**ABOUT THIS TASK**
Each line below is to be copied out exactly, and none may be omitted.

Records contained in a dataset
* * * *

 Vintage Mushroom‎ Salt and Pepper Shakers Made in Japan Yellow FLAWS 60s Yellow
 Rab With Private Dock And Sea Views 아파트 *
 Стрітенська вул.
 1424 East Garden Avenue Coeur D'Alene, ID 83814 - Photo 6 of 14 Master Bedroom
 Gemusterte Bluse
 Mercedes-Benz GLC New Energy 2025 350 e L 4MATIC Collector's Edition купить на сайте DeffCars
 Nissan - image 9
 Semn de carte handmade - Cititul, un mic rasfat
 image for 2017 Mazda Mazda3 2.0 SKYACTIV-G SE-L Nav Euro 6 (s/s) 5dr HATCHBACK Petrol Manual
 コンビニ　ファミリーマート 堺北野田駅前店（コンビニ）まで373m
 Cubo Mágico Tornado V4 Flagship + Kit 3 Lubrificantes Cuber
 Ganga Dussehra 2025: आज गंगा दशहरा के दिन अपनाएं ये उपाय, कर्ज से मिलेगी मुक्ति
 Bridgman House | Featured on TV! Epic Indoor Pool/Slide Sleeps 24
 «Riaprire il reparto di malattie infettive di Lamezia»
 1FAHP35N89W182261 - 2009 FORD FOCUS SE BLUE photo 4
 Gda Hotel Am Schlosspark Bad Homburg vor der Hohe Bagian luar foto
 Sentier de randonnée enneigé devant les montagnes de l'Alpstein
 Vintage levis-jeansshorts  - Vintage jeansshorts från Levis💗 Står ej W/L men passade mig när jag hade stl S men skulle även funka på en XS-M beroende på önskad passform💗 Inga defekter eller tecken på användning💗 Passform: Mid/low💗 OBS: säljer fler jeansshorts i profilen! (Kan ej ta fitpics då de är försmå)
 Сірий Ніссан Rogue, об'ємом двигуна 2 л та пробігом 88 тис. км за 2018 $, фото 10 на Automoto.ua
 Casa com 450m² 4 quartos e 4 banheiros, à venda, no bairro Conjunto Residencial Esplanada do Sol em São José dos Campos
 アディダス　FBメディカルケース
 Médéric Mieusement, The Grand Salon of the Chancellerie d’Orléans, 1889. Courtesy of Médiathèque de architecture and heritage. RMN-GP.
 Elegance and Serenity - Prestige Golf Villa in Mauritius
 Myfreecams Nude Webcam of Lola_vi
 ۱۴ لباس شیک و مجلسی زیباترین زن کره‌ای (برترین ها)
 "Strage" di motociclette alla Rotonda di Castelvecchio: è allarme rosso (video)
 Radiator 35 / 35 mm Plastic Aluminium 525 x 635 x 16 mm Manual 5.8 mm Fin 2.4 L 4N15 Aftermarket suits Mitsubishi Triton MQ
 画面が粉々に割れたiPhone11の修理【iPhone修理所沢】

* * * *

**OUTPUT OF THE TASK**
 Vintage Mushroom‎ Salt and Pepper Shakers Made in Japan Yellow FLAWS 60s Yellow
 Rab With Private Dock And Sea Views 아파트 *
 Стрітенська вул.
 1424 East Garden Avenue Coeur D'Alene, ID 83814 - Photo 6 of 14 Master Bedroom
 Gemusterte Bluse
 Mercedes-Benz GLC New Energy 2025 350 e L 4MATIC Collector's Edition купить на сайте DeffCars
 Nissan - image 9
 Semn de carte handmade - Cititul, un mic rasfat
 image for 2017 Mazda Mazda3 2.0 SKYACTIV-G SE-L Nav Euro 6 (s/s) 5dr HATCHBACK Petrol Manual
 コンビニ　ファミリーマート 堺北野田駅前店（コンビニ）まで373m
 Cubo Mágico Tornado V4 Flagship + Kit 3 Lubrificantes Cuber
 Ganga Dussehra 2025: आज गंगा दशहरा के दिन अपनाएं ये उपाय, कर्ज से मिलेगी मुक्ति
 Bridgman House | Featured on TV! Epic Indoor Pool/Slide Sleeps 24
 «Riaprire il reparto di malattie infettive di Lamezia»
 1FAHP35N89W182261 - 2009 FORD FOCUS SE BLUE photo 4
 Gda Hotel Am Schlosspark Bad Homburg vor der Hohe Bagian luar foto
 Sentier de randonnée enneigé devant les montagnes de l'Alpstein
 Vintage levis-jeansshorts  - Vintage jeansshorts från Levis💗 Står ej W/L men passade mig när jag hade stl S men skulle även funka på en XS-M beroende på önskad passform💗 Inga defekter eller tecken på användning💗 Passform: Mid/low💗 OBS: säljer fler jeansshorts i profilen! (Kan ej ta fitpics då de är försmå)
 Сірий Ніссан Rogue, об'ємом двигуна 2 л та пробігом 88 тис. км за 2018 $, фото 10 на Automoto.ua
 Casa com 450m² 4 quartos e 4 banheiros, à venda, no bairro Conjunto Residencial Esplanada do Sol em São José dos Campos
 アディダス　FBメディカルケース
 Médéric Mieusement, The Grand Salon of the Chancellerie d’Orléans, 1889. Courtesy of Médiathèque de architecture and heritage. RMN-GP.
 Elegance and Serenity - Prestige Golf Villa in Mauritius
 Myfreecams Nude Webcam of Lola_vi
 ۱۴ لباس شیک و مجلسی زیباترین زن کره‌ای (برترین ها)
 "Strage" di motociclette alla Rotonda di Castelvecchio: è allarme rosso (video)
 Radiator 35 / 35 mm Plastic Aluminium 525 x 635 x 16 mm Manual 5.8 mm Fin 2.4 L 4N15 Aftermarket suits Mitsubishi Triton MQ
 画面が粉々に割れたiPhone11の修理【iPhone修理所沢】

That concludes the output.